WHAT YOU NEED TO DO » Exclude the pictures, then copy all remaining records exactly.

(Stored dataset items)
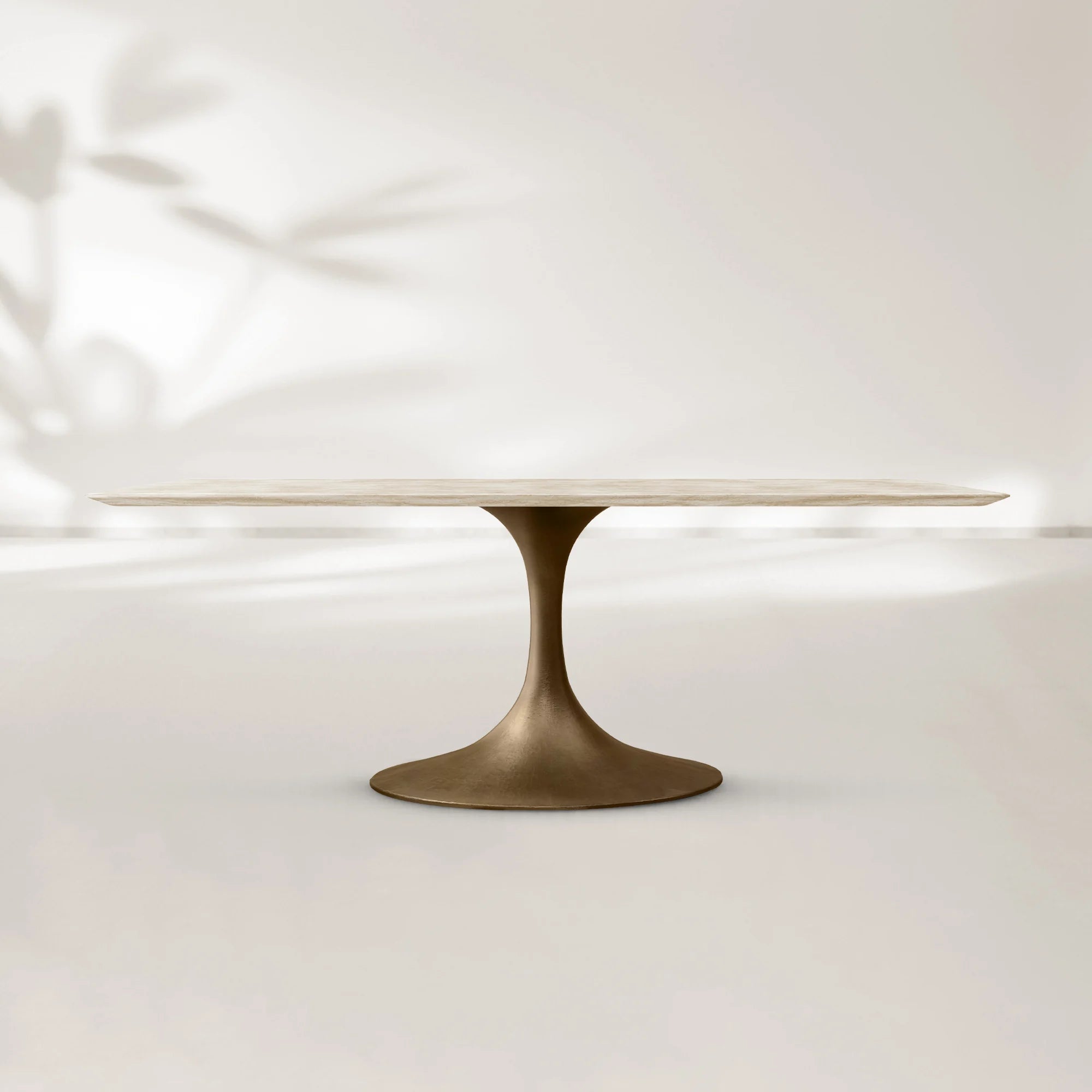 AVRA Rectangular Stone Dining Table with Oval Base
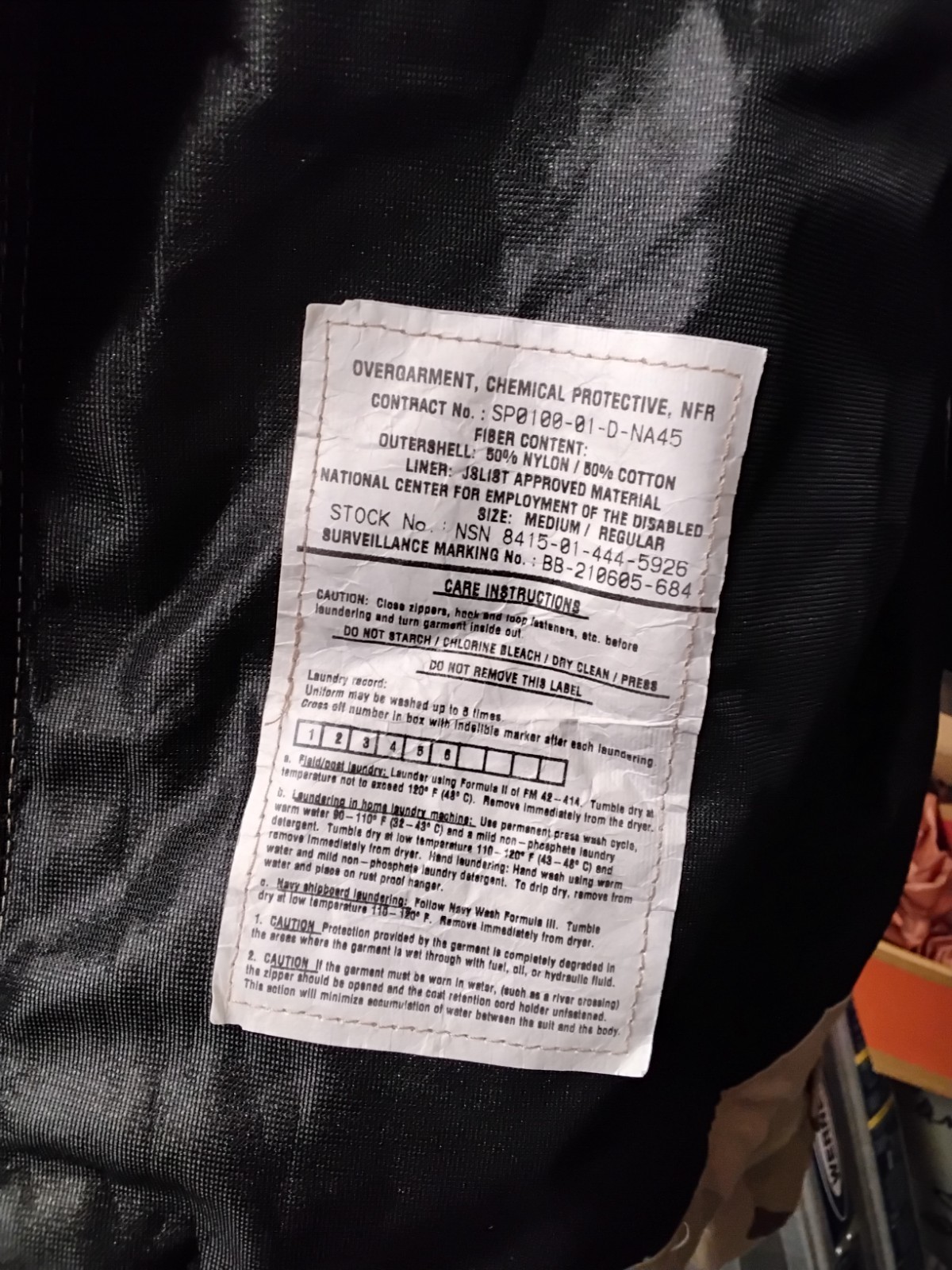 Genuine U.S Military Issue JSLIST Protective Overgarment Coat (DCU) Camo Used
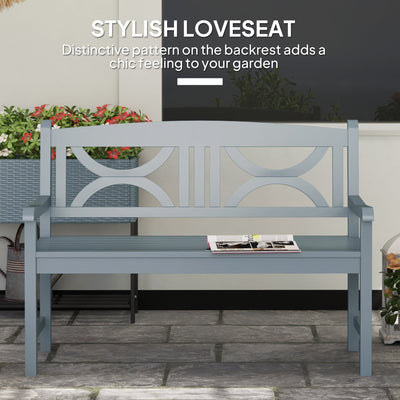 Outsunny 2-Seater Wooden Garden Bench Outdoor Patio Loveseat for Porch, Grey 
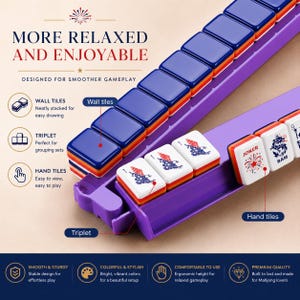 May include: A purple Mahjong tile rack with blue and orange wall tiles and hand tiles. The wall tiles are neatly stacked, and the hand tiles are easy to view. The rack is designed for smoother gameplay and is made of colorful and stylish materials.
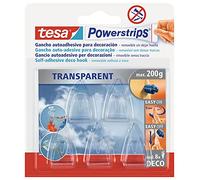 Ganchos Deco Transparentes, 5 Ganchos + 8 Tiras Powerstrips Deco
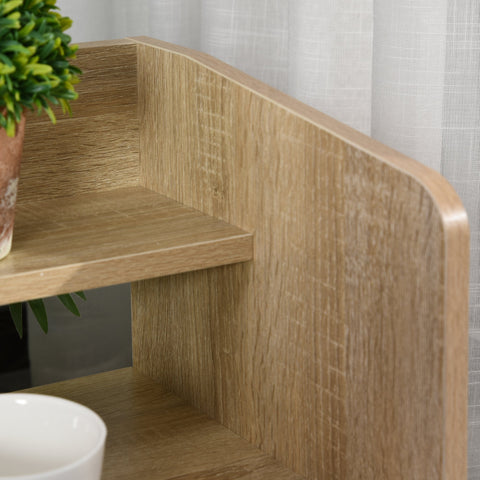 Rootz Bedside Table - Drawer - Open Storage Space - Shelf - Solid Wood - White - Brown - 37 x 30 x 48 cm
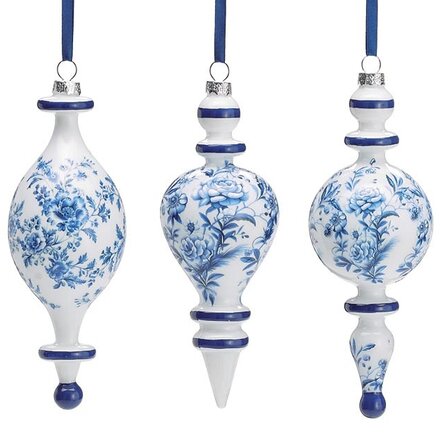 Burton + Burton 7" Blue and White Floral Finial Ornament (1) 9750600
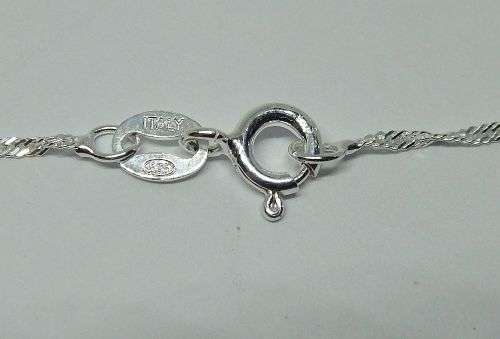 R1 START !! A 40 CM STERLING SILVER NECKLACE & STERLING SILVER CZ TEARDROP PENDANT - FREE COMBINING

RESULT OF THE EXERCISE »
 AVRA Rectangular Stone Dining Table with Oval Base
 Genuine U.S Military Issue JSLIST Protective Overgarment Coat (DCU) Camo Used
 Outsunny 2-Seater Wooden Garden Bench Outdoor Patio Loveseat for Porch, Grey 
 May include: A purple Mahjong tile rack with blue and orange wall tiles and hand tiles. The wall tiles are neatly stacked, and the hand tiles are easy to view. The rack is designed for smoother gameplay and is made of colorful and stylish materials.
 Ganchos Deco Transparentes, 5 Ganchos + 8 Tiras Powerstrips Deco
 Rootz Bedside Table - Drawer - Open Storage Space - Shelf - Solid Wood - White - Brown - 37 x 30 x 48 cm
 Burton + Burton 7" Blue and White Floral Finial Ornament (1) 9750600
 R1 START !! A 40 CM STERLING SILVER NECKLACE & STERLING SILVER CZ TEARDROP PENDANT - FREE COMBINING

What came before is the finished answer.